A new homework has been posted and is due on November 22nd
- work with a partner
- no more than one explicit loop
Will have lab period on Friday
Read Chapters 11 in TAoRP for background material on what is discussed today and Tuesday

Review

There are high level functions for getting structured data in and out of R - write.table, read.table
There are low level functions for input and output that don't require defined data structure - write, scan, readLines

Learning objectives

Understand how to work with and manipulate character variables

Remember...

Strings are atomic variables made up of characters, numbers, punctuation, etc. You can form a string by puttting information between " and ".

name <- "pat"
name

## [1] "pat"

What would happen if we did...

name[1]

What would happen if we did...

name[1]

## [1] "pat"

Note that name is a vector and so name[1] will return the first element of that vector, not the first character of the vector.

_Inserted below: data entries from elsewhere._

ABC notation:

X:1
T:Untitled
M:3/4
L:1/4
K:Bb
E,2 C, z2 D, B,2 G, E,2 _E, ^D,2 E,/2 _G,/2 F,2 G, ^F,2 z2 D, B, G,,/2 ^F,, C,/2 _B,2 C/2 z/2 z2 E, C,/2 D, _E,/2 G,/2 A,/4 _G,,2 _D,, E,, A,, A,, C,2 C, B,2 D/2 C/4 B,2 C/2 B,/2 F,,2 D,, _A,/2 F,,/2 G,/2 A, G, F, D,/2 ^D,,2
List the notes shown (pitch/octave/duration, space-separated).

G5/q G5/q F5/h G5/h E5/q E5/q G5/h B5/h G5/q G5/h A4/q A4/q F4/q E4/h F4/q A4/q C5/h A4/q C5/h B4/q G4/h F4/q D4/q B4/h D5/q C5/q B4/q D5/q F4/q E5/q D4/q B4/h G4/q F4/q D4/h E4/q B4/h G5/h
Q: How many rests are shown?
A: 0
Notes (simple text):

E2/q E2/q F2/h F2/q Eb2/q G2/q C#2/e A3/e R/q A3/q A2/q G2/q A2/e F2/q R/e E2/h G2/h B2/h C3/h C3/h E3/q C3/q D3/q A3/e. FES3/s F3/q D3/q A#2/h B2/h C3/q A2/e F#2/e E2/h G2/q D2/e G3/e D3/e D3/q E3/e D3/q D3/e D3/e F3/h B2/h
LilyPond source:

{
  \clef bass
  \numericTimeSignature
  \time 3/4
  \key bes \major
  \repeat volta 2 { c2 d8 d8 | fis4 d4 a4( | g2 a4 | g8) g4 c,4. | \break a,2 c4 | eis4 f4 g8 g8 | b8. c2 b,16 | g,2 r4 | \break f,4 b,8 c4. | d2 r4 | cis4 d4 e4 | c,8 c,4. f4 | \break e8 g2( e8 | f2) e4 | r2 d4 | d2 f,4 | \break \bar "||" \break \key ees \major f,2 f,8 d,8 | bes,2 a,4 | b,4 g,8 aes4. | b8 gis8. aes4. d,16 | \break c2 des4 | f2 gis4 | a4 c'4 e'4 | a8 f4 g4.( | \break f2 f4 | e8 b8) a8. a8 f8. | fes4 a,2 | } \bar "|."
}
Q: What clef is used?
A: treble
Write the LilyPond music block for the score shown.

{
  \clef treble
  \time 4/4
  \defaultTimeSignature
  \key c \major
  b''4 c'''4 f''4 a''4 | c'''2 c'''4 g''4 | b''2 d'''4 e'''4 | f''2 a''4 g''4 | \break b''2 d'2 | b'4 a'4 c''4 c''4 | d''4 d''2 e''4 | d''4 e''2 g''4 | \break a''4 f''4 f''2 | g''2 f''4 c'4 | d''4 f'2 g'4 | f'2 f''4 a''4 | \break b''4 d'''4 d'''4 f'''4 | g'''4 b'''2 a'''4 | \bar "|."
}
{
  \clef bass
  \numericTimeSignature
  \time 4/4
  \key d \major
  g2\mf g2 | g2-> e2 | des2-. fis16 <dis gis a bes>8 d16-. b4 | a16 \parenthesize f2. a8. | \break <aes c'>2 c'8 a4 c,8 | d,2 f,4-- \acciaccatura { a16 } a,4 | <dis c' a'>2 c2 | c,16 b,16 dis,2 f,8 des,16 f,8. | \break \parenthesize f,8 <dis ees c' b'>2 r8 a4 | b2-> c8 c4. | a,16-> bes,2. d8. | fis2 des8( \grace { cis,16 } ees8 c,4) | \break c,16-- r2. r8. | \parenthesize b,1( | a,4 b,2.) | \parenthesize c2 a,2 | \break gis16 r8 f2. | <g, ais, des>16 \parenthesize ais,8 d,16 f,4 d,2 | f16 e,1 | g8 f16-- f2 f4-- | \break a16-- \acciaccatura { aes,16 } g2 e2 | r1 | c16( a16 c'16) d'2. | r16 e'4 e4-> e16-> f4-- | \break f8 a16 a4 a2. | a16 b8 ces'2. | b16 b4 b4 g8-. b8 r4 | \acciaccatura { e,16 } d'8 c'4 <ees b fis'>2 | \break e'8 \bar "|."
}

But how do we get the first character?

Get substrings with the substr command

substr(x, start, stop)

x is the string of interest
start is the position within the string where you want the substring to start
stop is the position within the string where you want the substring to end

For example...

substr(name, 3, 3)

## [1] "t"

substr(name, 2, 3)

## [1] "at"

substr(name, 1, 1)

## [1] "p"

substr(name, 2, 4)

## [1] "at"

What if we have a vector of names?

names <- c("pat", "sarah", "john", "emily", "mary", "susan")
substr(names, 1,2)

## [1] "pa" "sa" "jo" "em" "ma" "su"

What do we need to know to return the last two characters of each person's name?

To get the length of each person's name use the nchar command:

name.length <- nchar(names)
substr(names, name.length-2, name.length)

## [1] "pat" "rah" "ohn" "ily" "ary" "san"

Oops! What happened? How do we fix it?

What do we need to know to return the last two characters of each person's name?

To get the length of each person's name use the nchar command:

name.length <- nchar(names)
substr(names, name.length-1, name.length)

## [1] "at" "ah" "hn" "ly" "ry" "an"

This is what is called a "fence post" error

Say we have the following names...

names <- c("Pat Schloss", "Mary O'Riordan", "Vince Young", "Kathy Spindler", "Harry Mobley", "Oveta Fuller", "Adam Lauring")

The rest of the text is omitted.